The task: Your copy should begin at the line containing "Sylwia Dziedzic as ciotka z festynu" and end at the last line of the records; transcribe those lines exactly and leave out every picture.

Entries provided:
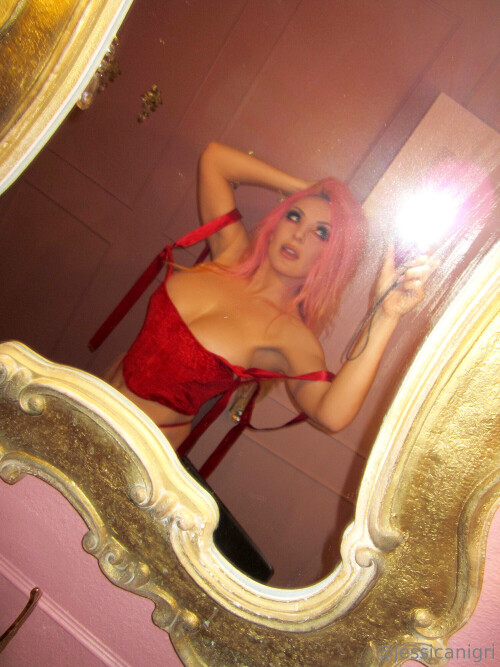 1500x2000 e7b5fd4b380e27c765d989ed2dd2011e3c81f9aaece3aa54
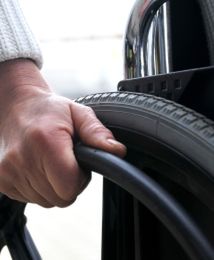 Pracodawcy coraz chętniej zatrudniają osoby niepełnosprawne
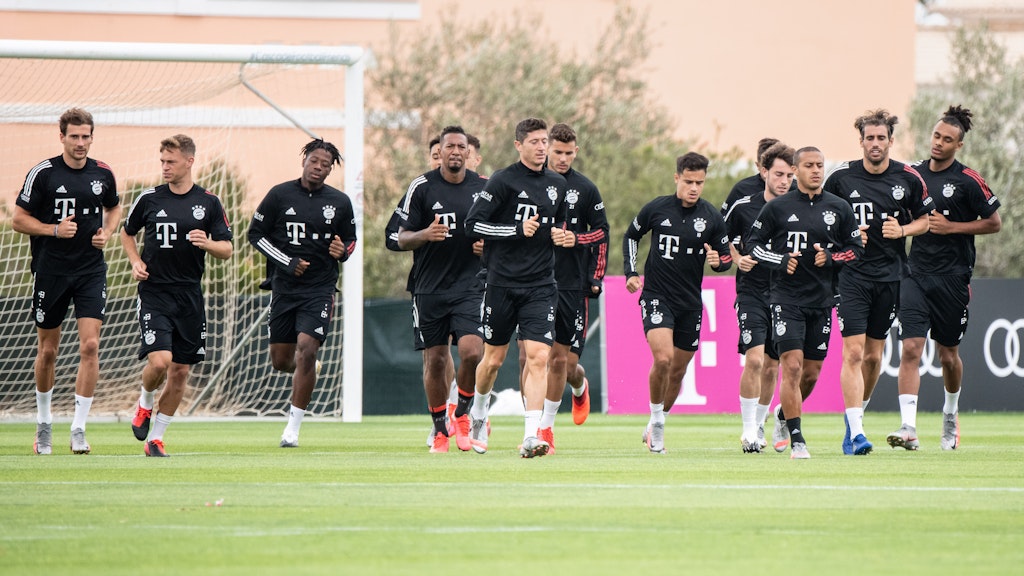 Die Profis des FC Bayern bereiten sich an der Algarve im Süden Portugals auf das Milliarden-Turnier vor. 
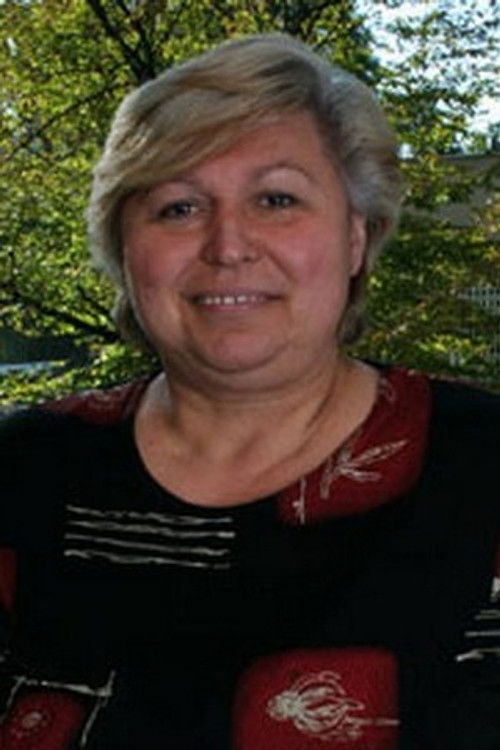 Sylwia Dziedzic as ciotka z festynu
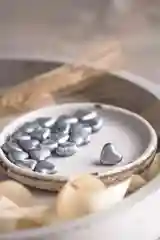 Серебряный сургуч в сердечках, 20 штук
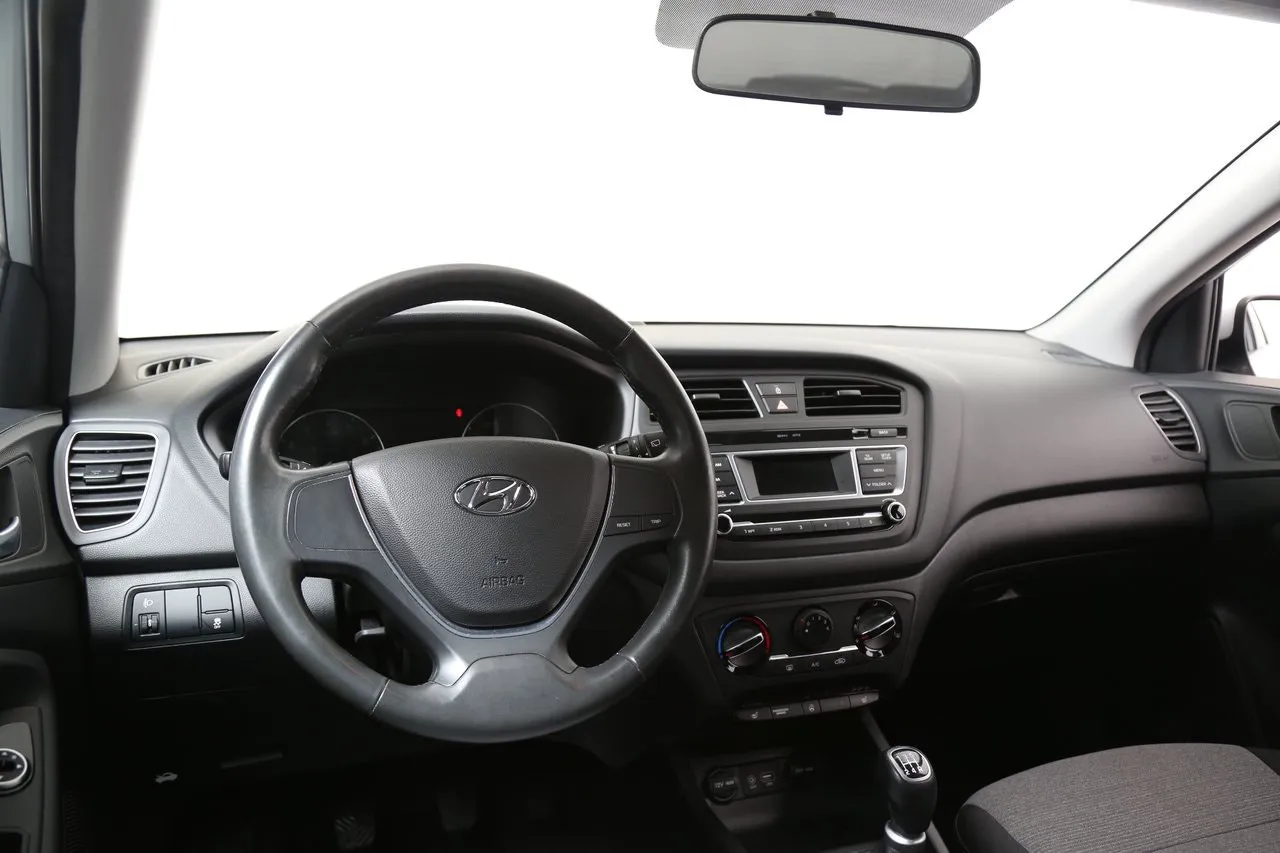 Hyundai i20 bild 14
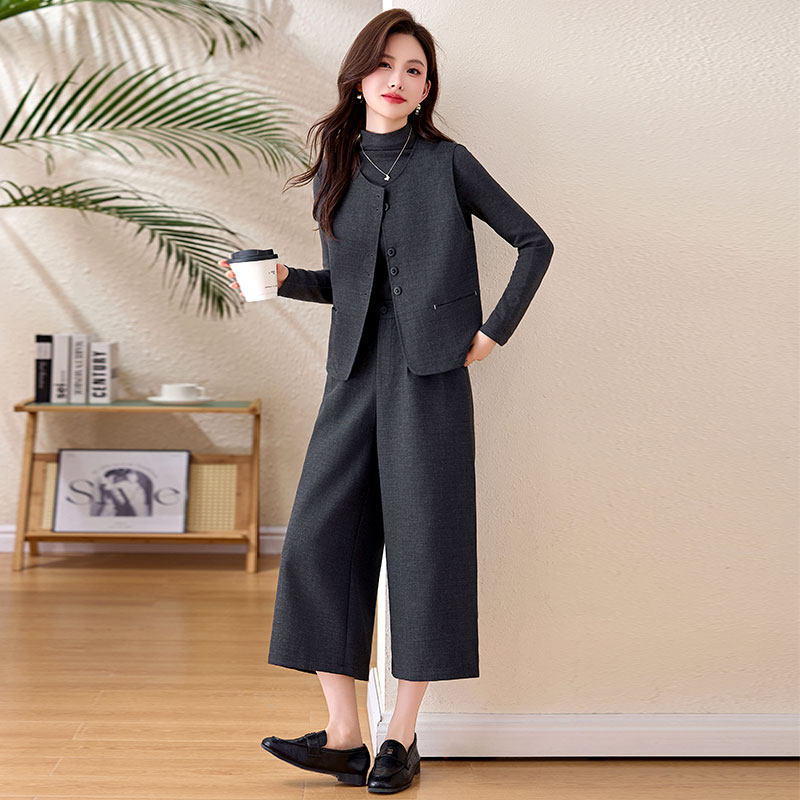 开春穿搭马甲七分阔腿裤套装三件套女春装2026新款超火减龄一整套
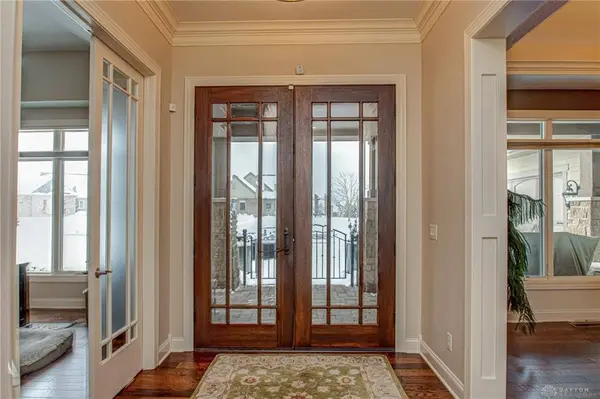 9428 Old Bridge Drive, Dayton, OH 45458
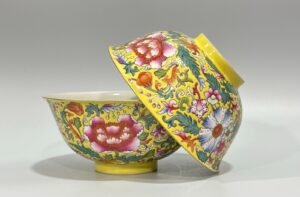 Qing Dynasty Daoguang Enamel lemon yellow bowl with four seasons
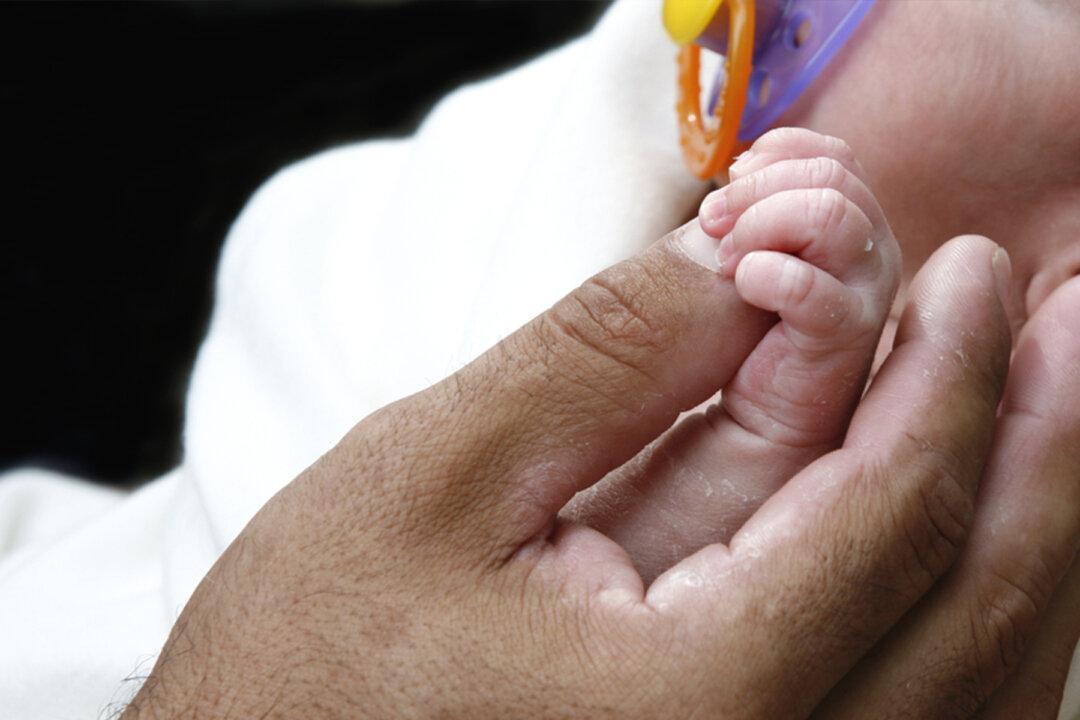 Baby Girl Found in Trash Bin in the Rain–but a Nigerian Doctor Rushes to Save Her Life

Response:
 Sylwia Dziedzic as ciotka z festynu
 Серебряный сургуч в сердечках, 20 штук
 Hyundai i20 bild 14
 开春穿搭马甲七分阔腿裤套装三件套女春装2026新款超火减龄一整套
 9428 Old Bridge Drive, Dayton, OH 45458
 Qing Dynasty Daoguang Enamel lemon yellow bowl with four seasons
 Baby Girl Found in Trash Bin in the Rain–but a Nigerian Doctor Rushes to Save Her Life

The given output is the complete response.